Wednesday, February 16, 2005

PLATFORM SHOOS

I’ve never had the endurance to slog through political party platforms, but finding a couple of gems of absurdity in them is made easier by excerpts in “Take Them at Their Words: Shocking, Amusing and Baffling Quotations from the G.O.P. and Their Friends, 1994-2004,” by Bruce J. Miller with Diana Maio (Academy Chicago Publishers, 2004).

This first quote is from the North Carolina Republican Party platform adopted in 2002:

We believe homosexuality is not normal and should not be made an acceptable “alternative” lifestyle either in public education or in public policy. We oppose special treatment by law based on nothing other than homosexual behavior or identity. We therefore oppose actions, such as “marriage” or the adoption of children by same-sex couples, which attempt to legitimize and normalize homosexual relationships. We support the Defense of Marriage Act.

North Carolina hicks, right? But the hicks were actually more clever in phrasing their platform than the witty, urban sophisticates who wrote the 2000 Republican Party platform (“Renewing America’s Purpose. Together.”), part of which is quoted here. Read carefully:

We support the traditional definition of “marriage” as the legal union of one man and one woman, and we believe that federal judges and bureaucrats should not force states to recognize other living arrangements as marriages. We rely on the home, as did the founders of the American Republic, to instill the virtues that sustain democracy itself. That belief led Congress to enact the Defense of Marriage Act, which a Republican Department of Justice will energetically defend in the courts. For the same reason, we do not believe sexual preference should be given special legal protection or standing in law ...

Perhaps careful reading isn’t necessary after all. Any idiot knows that men preferring to have sex with women and vice versa is, by definition, a sexual preference, making this plank in the platform self-defeating, since the Defense of Marriage Act gives heterosexual marriages special legal protection and standing in law.

The North Carolinians get around this by opposing “special treatment by law based on nothing other than homosexual behavior or identity.” Unfortunately, the Defense of Marriage Act is just that, because it’s a law based on keeping homosexuals (or those with more exotic preferences, theoretically) from marrying.

Nice try, idiots. Better luck next time writing around this little logical fallacy.

3 comments:

Indri said...

Should the italicized word here be "children"?

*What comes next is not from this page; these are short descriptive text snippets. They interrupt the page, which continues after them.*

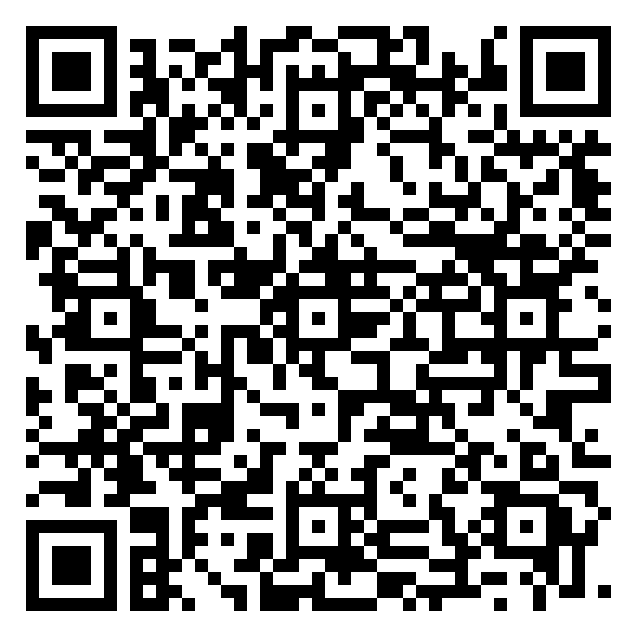 kod QR z danymi kontaktowymi 02162996000000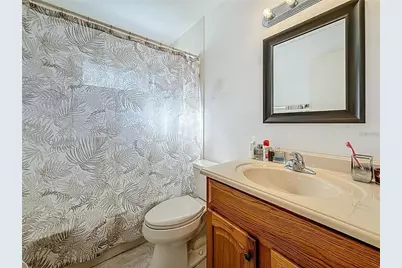 1909 Castle Bay Court, Oldsmar, FL 34677 - Photo 33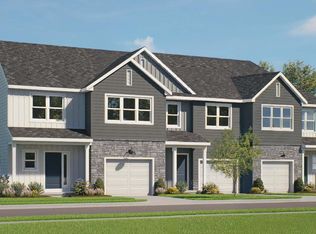16 Arcadia Dr, Elizabethtown, PA 17022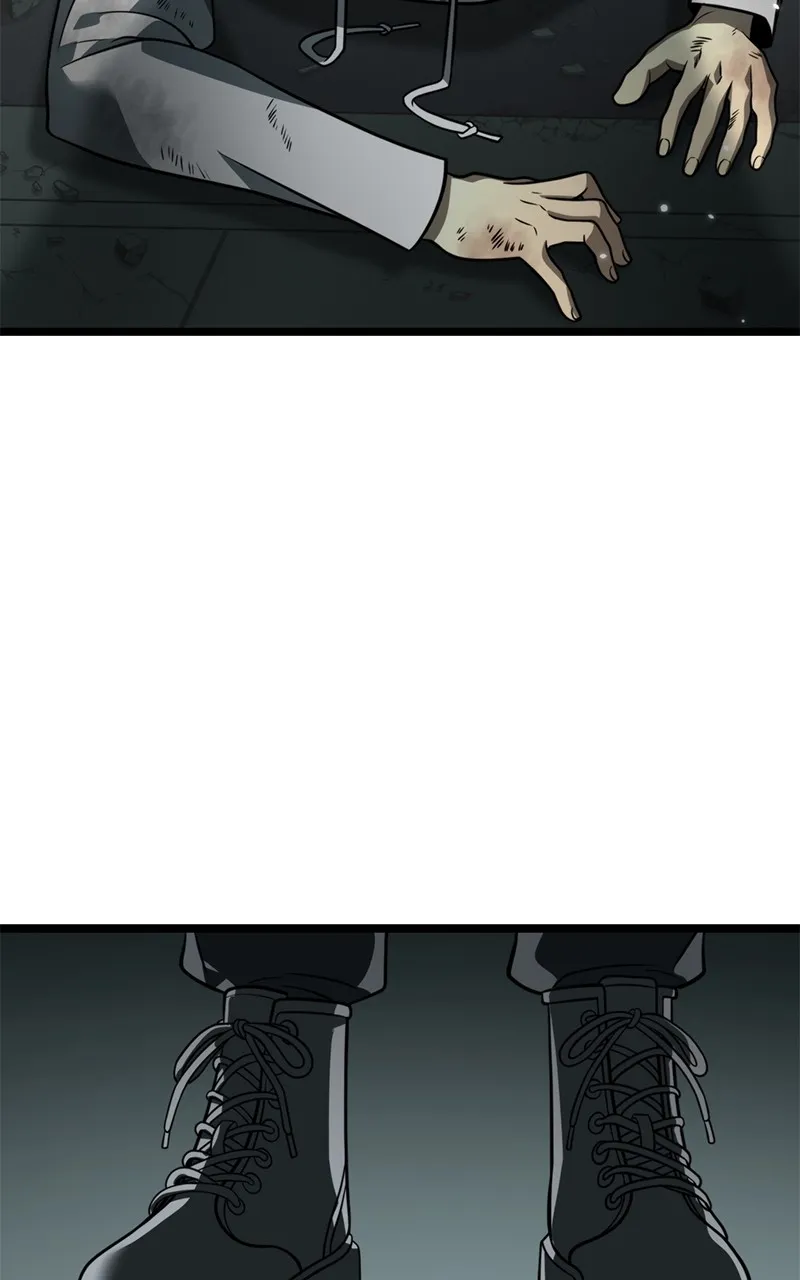 Reincarnator Chapter 16 page 84 - 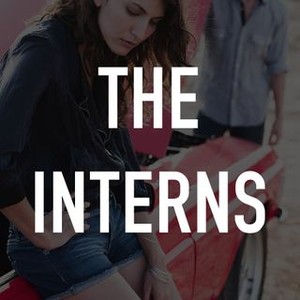 "The Interns photo 3"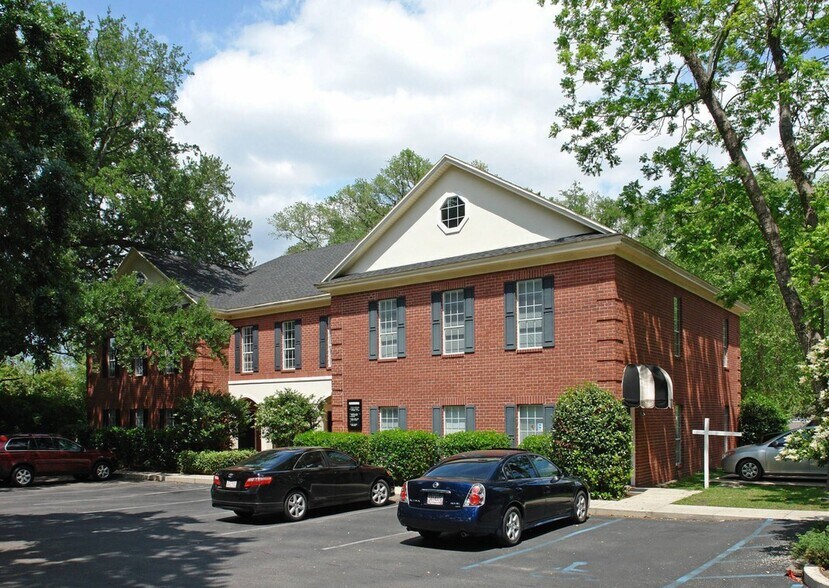 More Photos Of 2210 N Main St, Daphne Office For Sale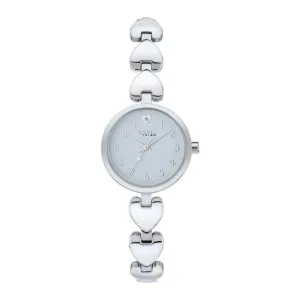 BREIL Mod. EW0691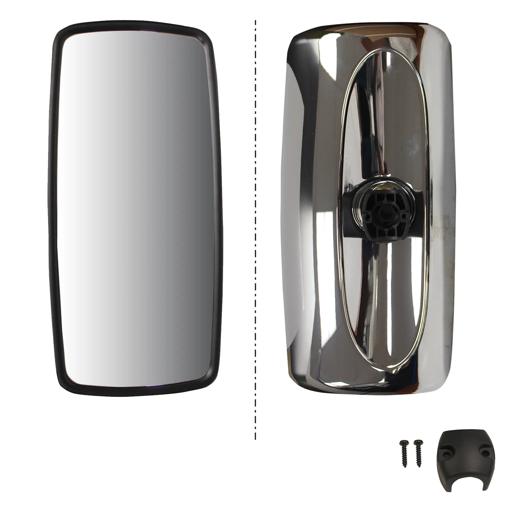 Automann - MZT563.46040C - 563.46040C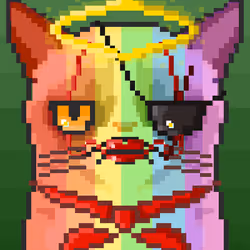 76858086254694396899925795249681536002186406883673212666891134678720776765441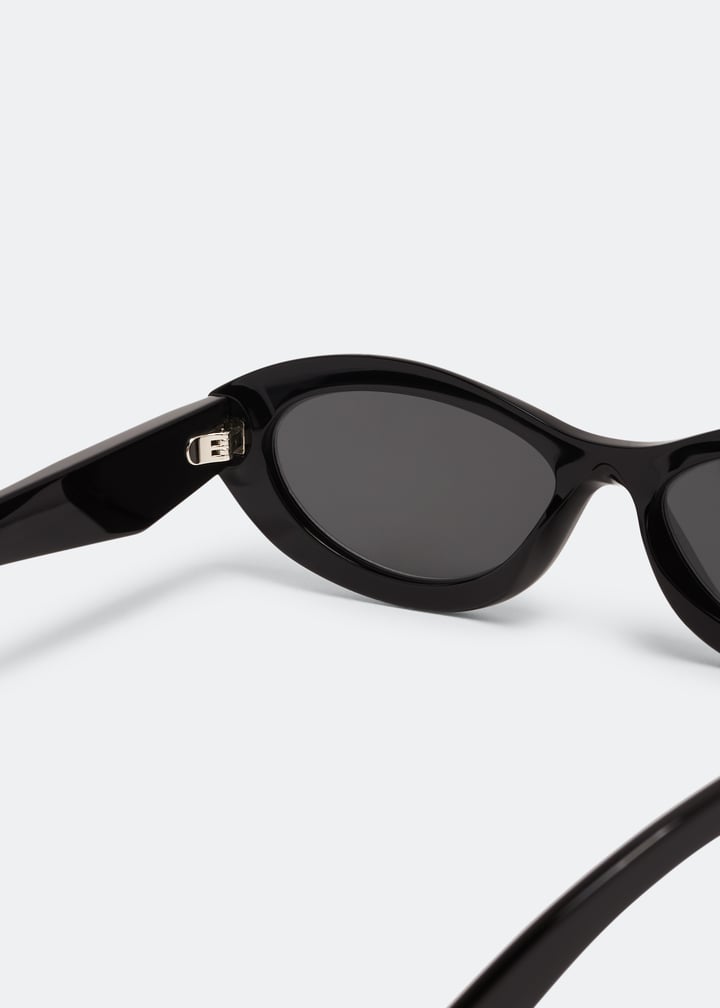 spr26z055e16kfe08zc_4.jpg?ts=20230811033526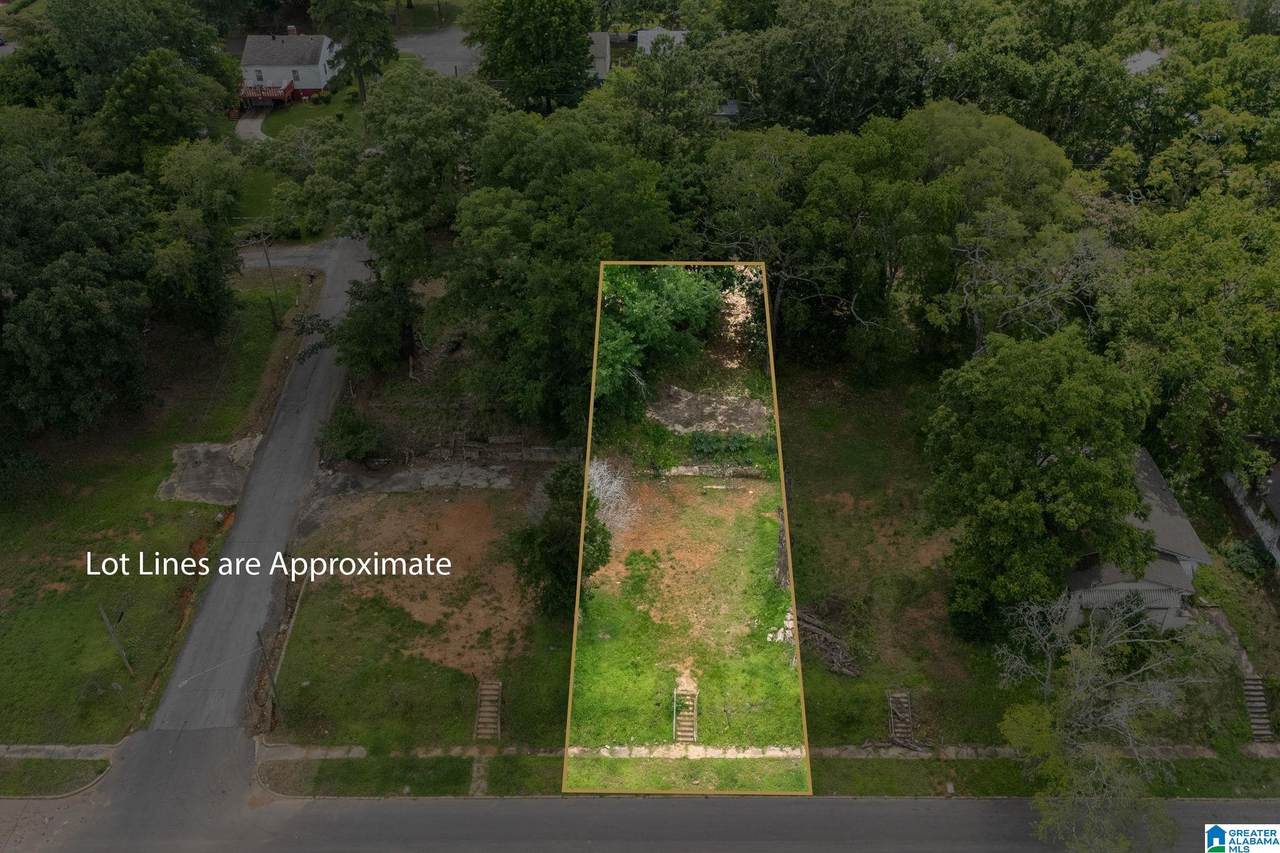 7429 3RD AVENUE - Photo 1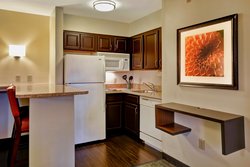  - Staybridge Suites East Madison - I-39, I-90 & I-94, Exit 135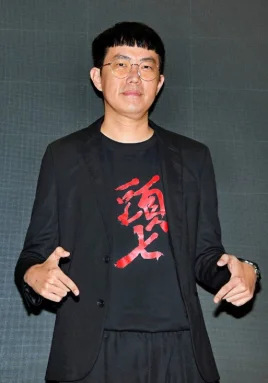 沈丹桂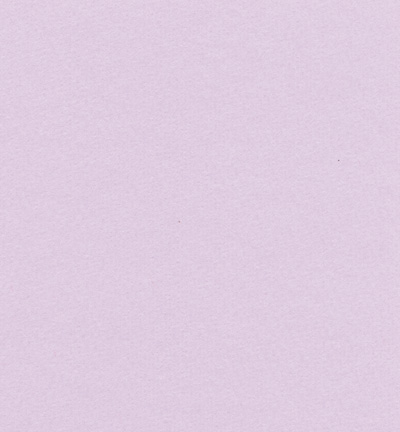 26437 - Papicolor - Pale purple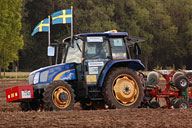 traktor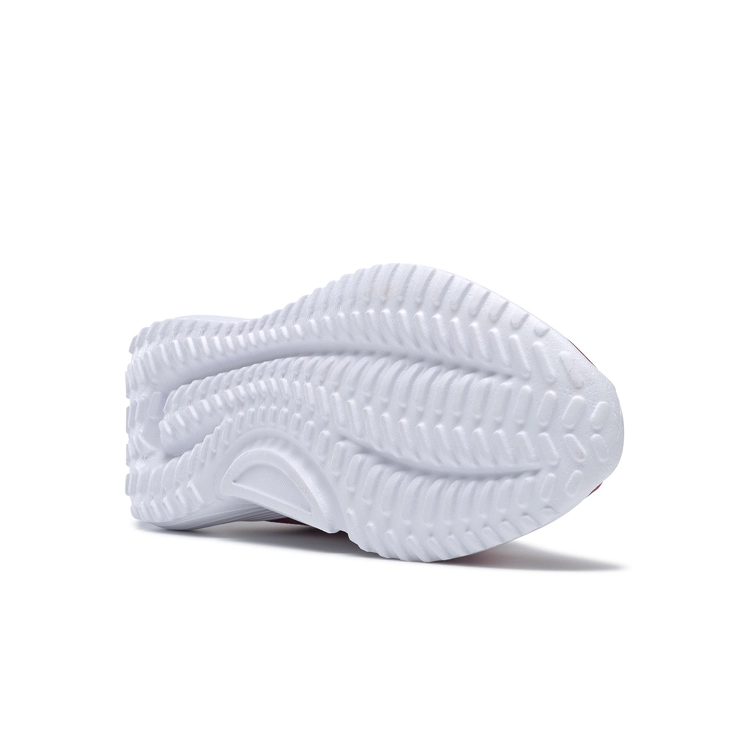 Кроссовки Reebok LITE 3.0 / Женский / 36 / Бордовый photo 5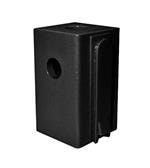Imagen ampliada de Anderson Power Products 75LOKWNGBLK-R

We therefore oppose actions, such as “marriage” or the adoption of couples by same-sex couples,

Otherwise, go get 'em, tiger. But then everyone knows how I feel about this issue. These people make my stomach hurt. Why, why, why do they waste so much time and energy denying love? Is there so little in their own lives that they have to shoot it down in those of others?

Scape7 said...

Fixed. Thanks.

Scape7 said...

And thanks to you, too, Eric. I'm glad my descent into writerly prose didn't scare you off.